__Work to complete__. Below are the records; extract from them the line containing "custom review-JORDAN 1" to the line containing "Scor de NBA", both lines included, exactly and with no pictures.

__Material supplied__.
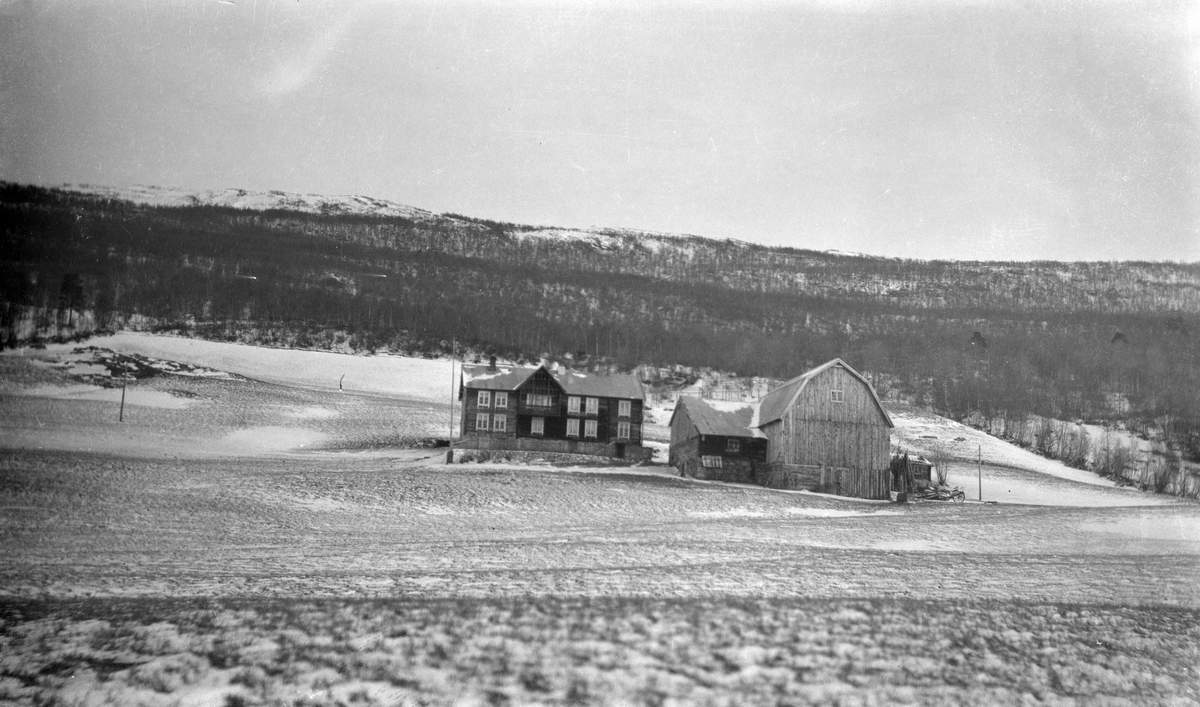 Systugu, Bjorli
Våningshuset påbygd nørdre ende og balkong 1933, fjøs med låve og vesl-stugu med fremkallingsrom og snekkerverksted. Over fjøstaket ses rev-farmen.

==

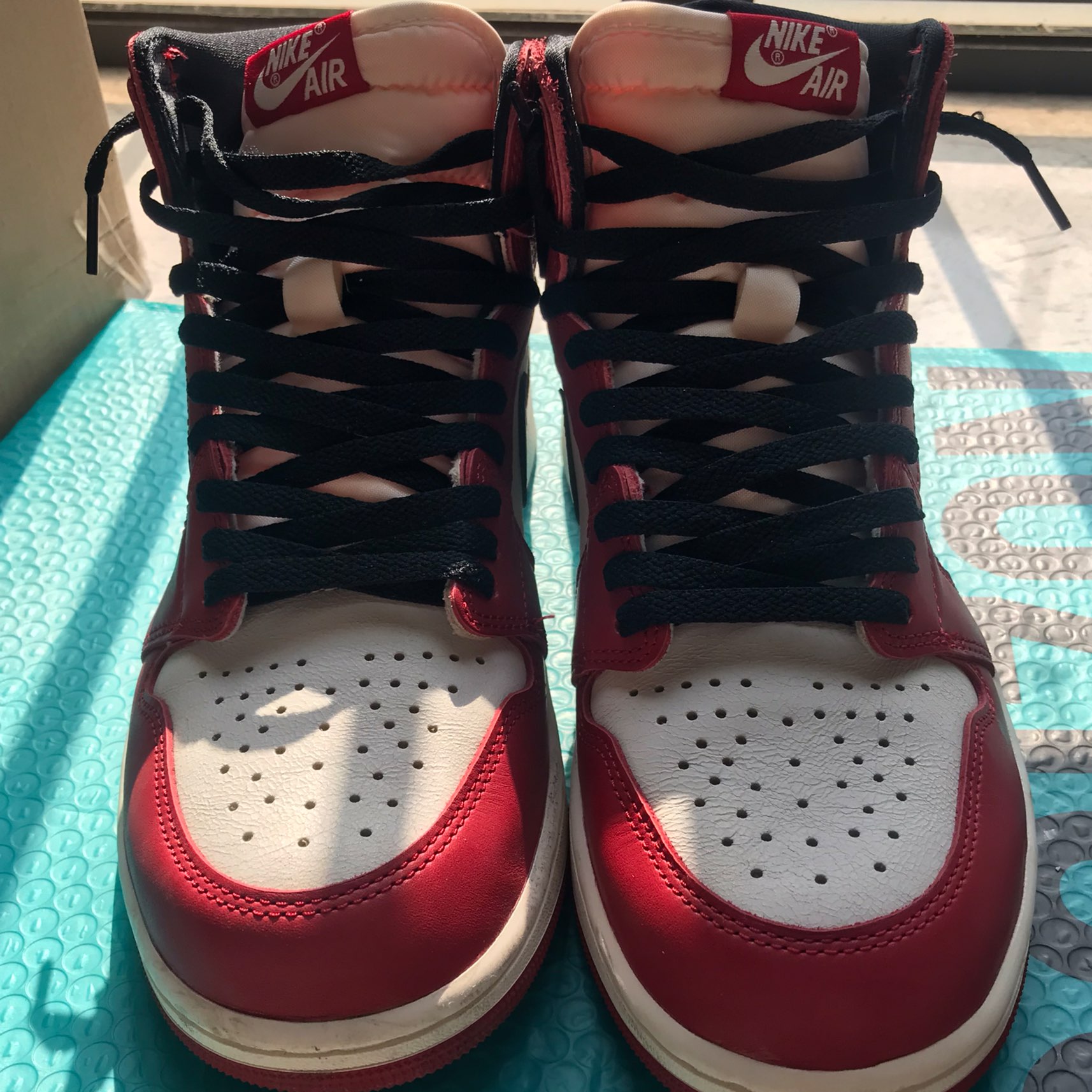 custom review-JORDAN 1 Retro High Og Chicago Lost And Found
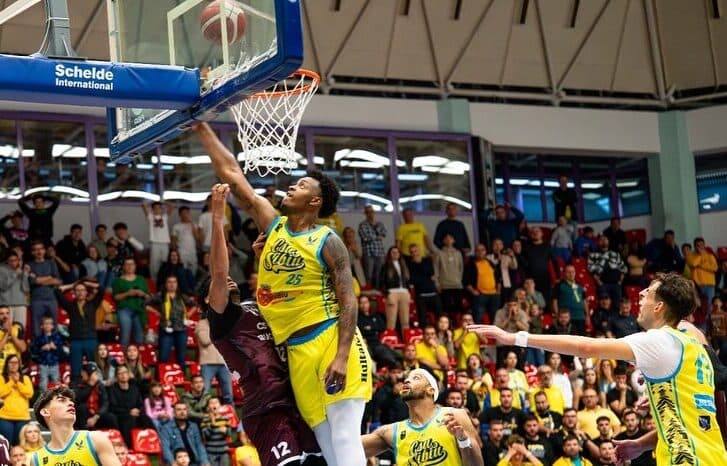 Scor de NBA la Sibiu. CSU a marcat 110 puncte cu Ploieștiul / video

__Answer for this exercise__.
 custom review-JORDAN 1 Retro High Og Chicago Lost And Found
 Scor de NBA la Sibiu. CSU a marcat 110 puncte cu Ploieștiul / video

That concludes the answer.